= Instructions for the task =
Exactly the lines from the beginning of the records to the line with "Step 1: Gain", both ends included, are to be given again, and pictures are to be left out.

= Stored data =
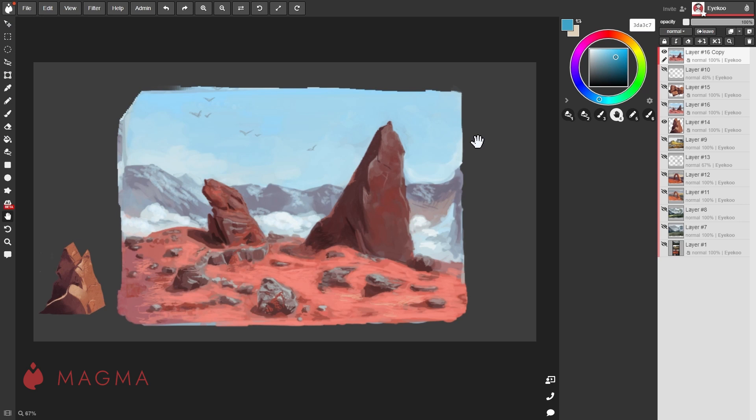It might be a good idea to duplicate your layer first before applying any filters. If you're happy with the outcome, you can either merge the layer down or hide the original layer in case you want to revert back to it later.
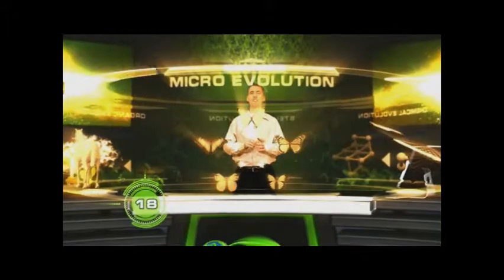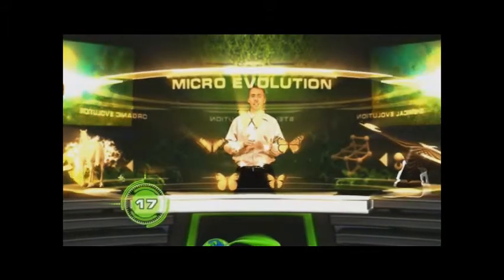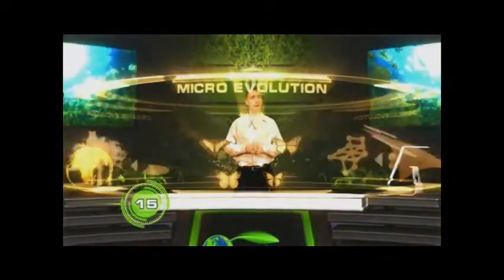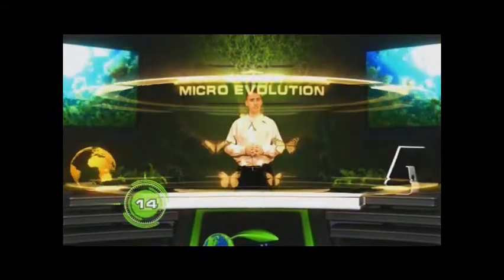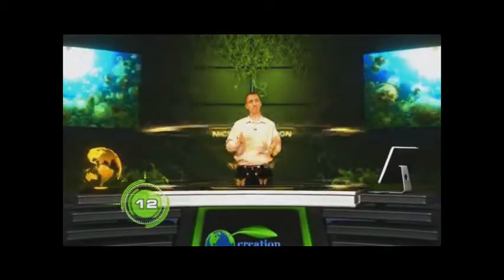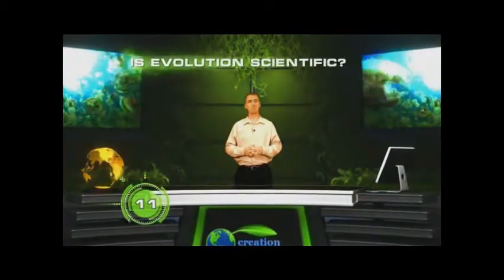Microevolution is the only one that's ever been observed and tested. The rest are not part of science. So is evolution part of science? Depends on what you mean.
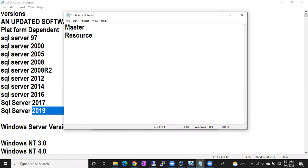Most of you said tempdb will start next, but tell me — tempdb is a temporary database. How can it start without the model database? How does it know what values to take, or which location to create its files? Whenever you restart SQL Server, it creates a fresh tempdb, and it does so on the basis of the model database.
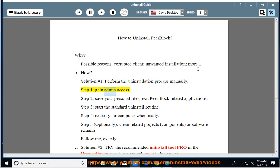Step 1: Gain admin access. Step 2: Save your personal files and exit PeerBlock related applications.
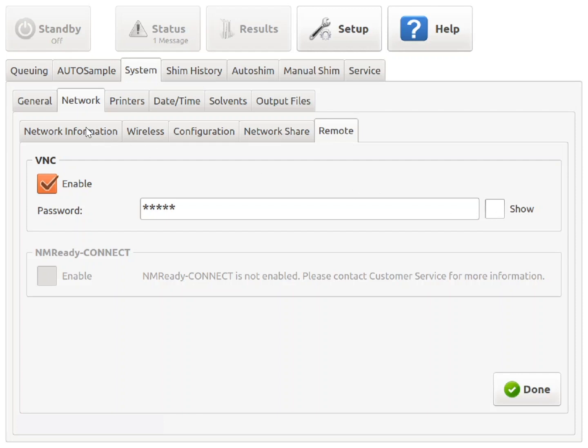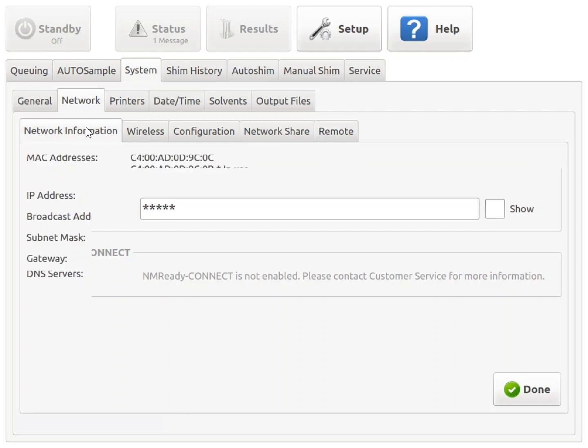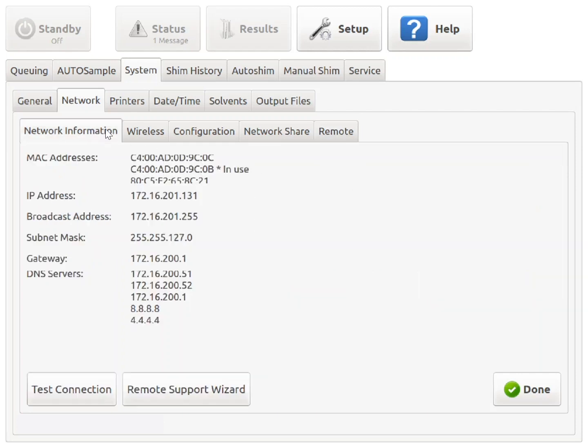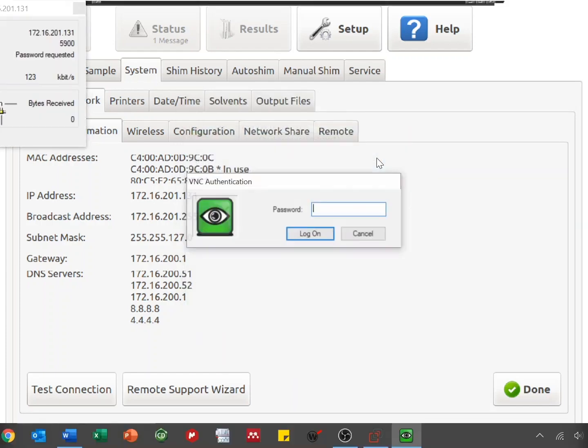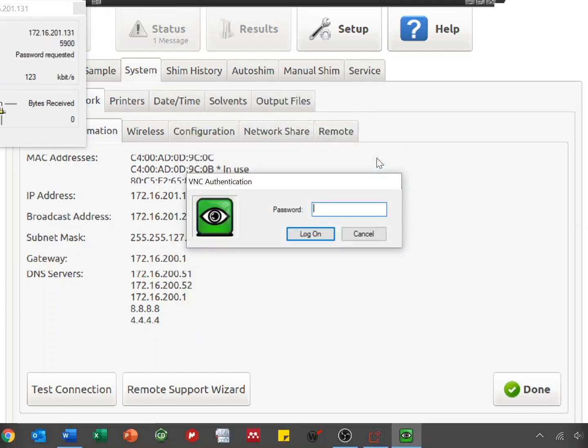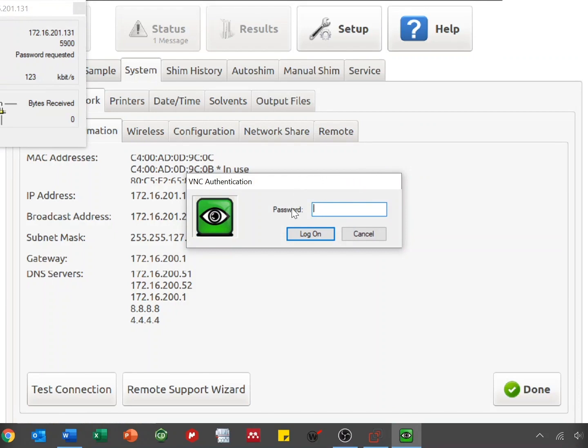From this screen, navigate to the Network Information tab and write down the instrument's IP address. From the computer, open UltraVNC and enter the instrument's IP address as the host in this box up here. Click on the Connect button and enter the password you selected earlier for the instrument when it prompts you.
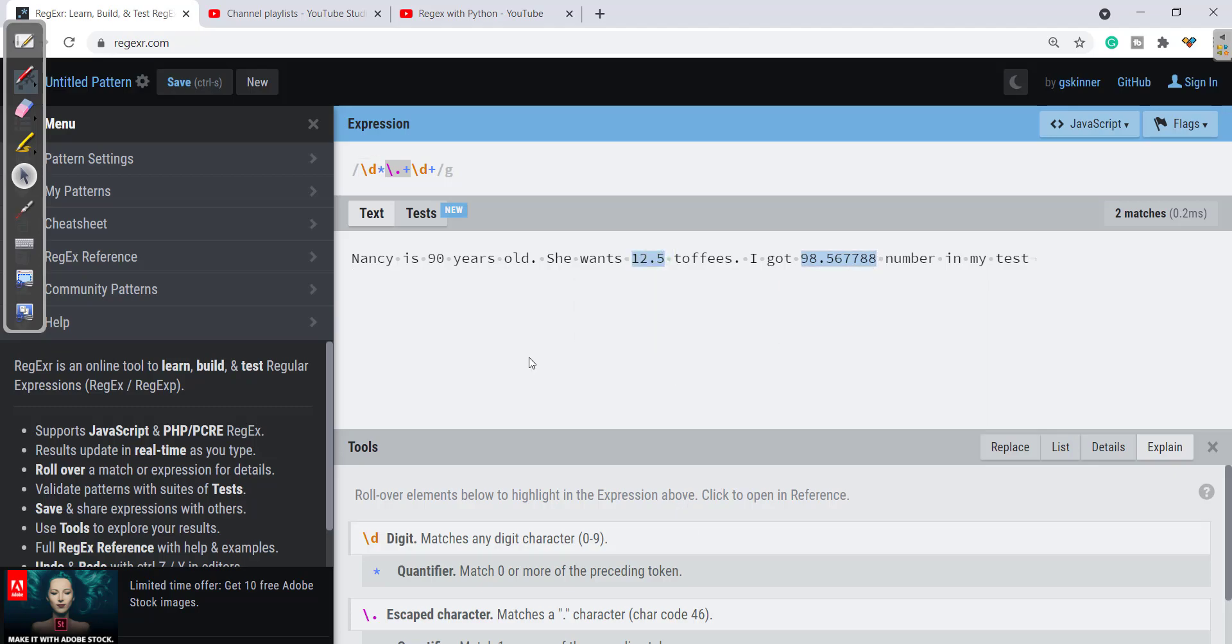So this is just the scenario—there can be cases where we just want all the decimal numbers or extracting all the numbers. There can be many cases. So we'll be going through all the cases in our upcoming videos. I hope you will find this video useful.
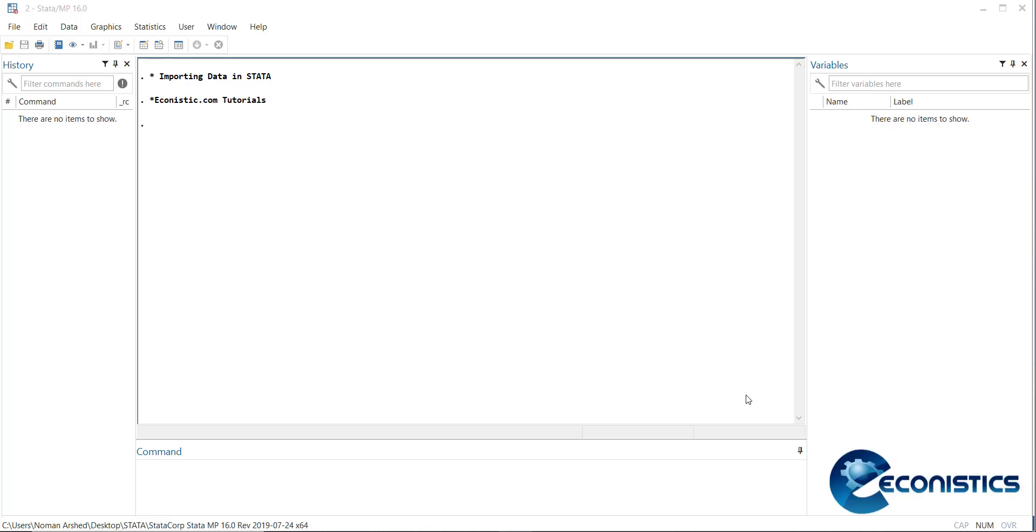Hi, welcome everyone to econistics.com. Today we're going to study how to import data in Stata platform. First of all, we'll go towards Stata. In the Stata software, there are four windows that we need to understand. There's a command history that will show all the previous commands that you have used.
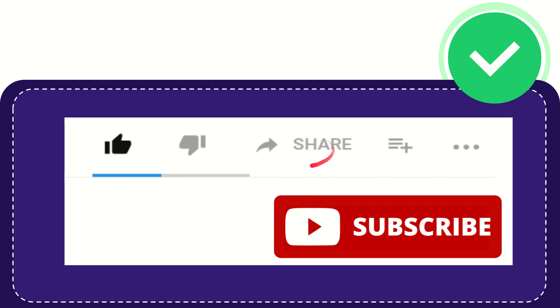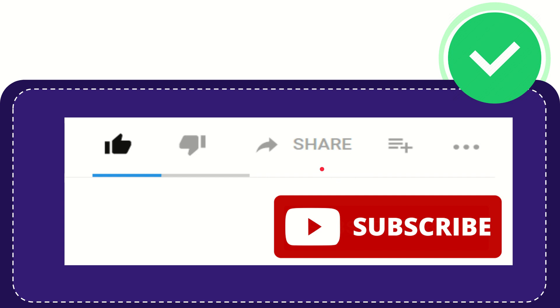...you can share it by clicking this share button. You can share it to any social media that you wish that is currently available at this time, like Facebook, Twitter, LinkedIn, and many others.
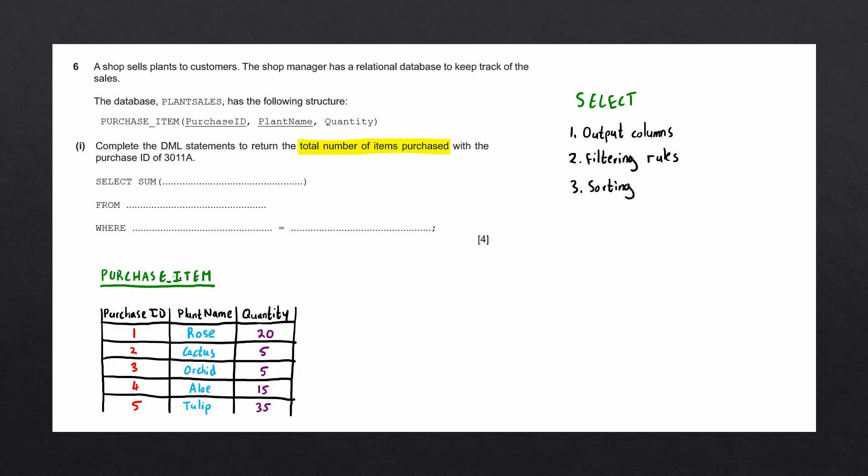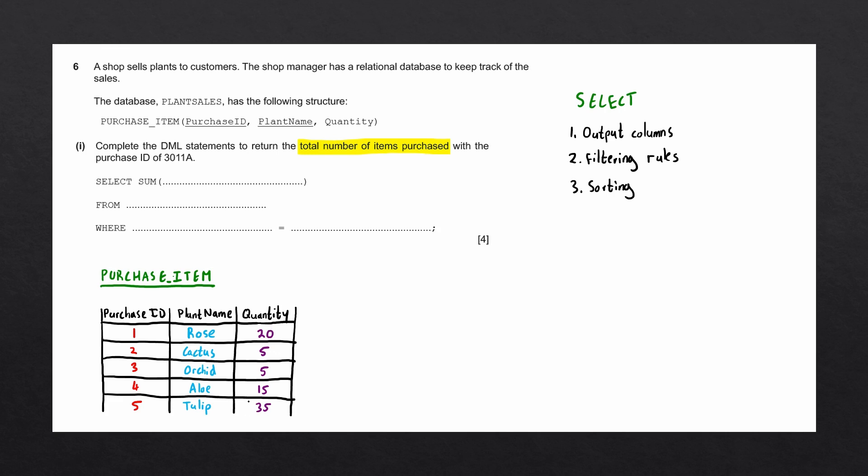An example of the purchase_item table would look something like this. We have three columns, and each row consists of a single item. First we have a rose, of which 20 were sold. Then a cactus, of which 5 were sold. An orchid, of which 5 were sold, and so on. The total number of items purchased, in this case, is going to be the sum of all items in the quantity column.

= Answer to this exercise =
It might be a good idea to duplicate your layer first before applying any filters. If you're happy with the outcome, you can either merge the layer down or hide the original layer in case you want to revert back to it later.
Microevolution is the only one that's ever been observed and tested. The rest are not part of science. So is evolution part of science? Depends on what you mean.
Most of you said tempdb will start next, but tell me — tempdb is a temporary database. How can it start without the model database? How does it know what values to take, or which location to create its files? Whenever you restart SQL Server, it creates a fresh tempdb, and it does so on the basis of the model database.
Step 1: Gain admin access. Step 2: Save your personal files and exit PeerBlock related applications.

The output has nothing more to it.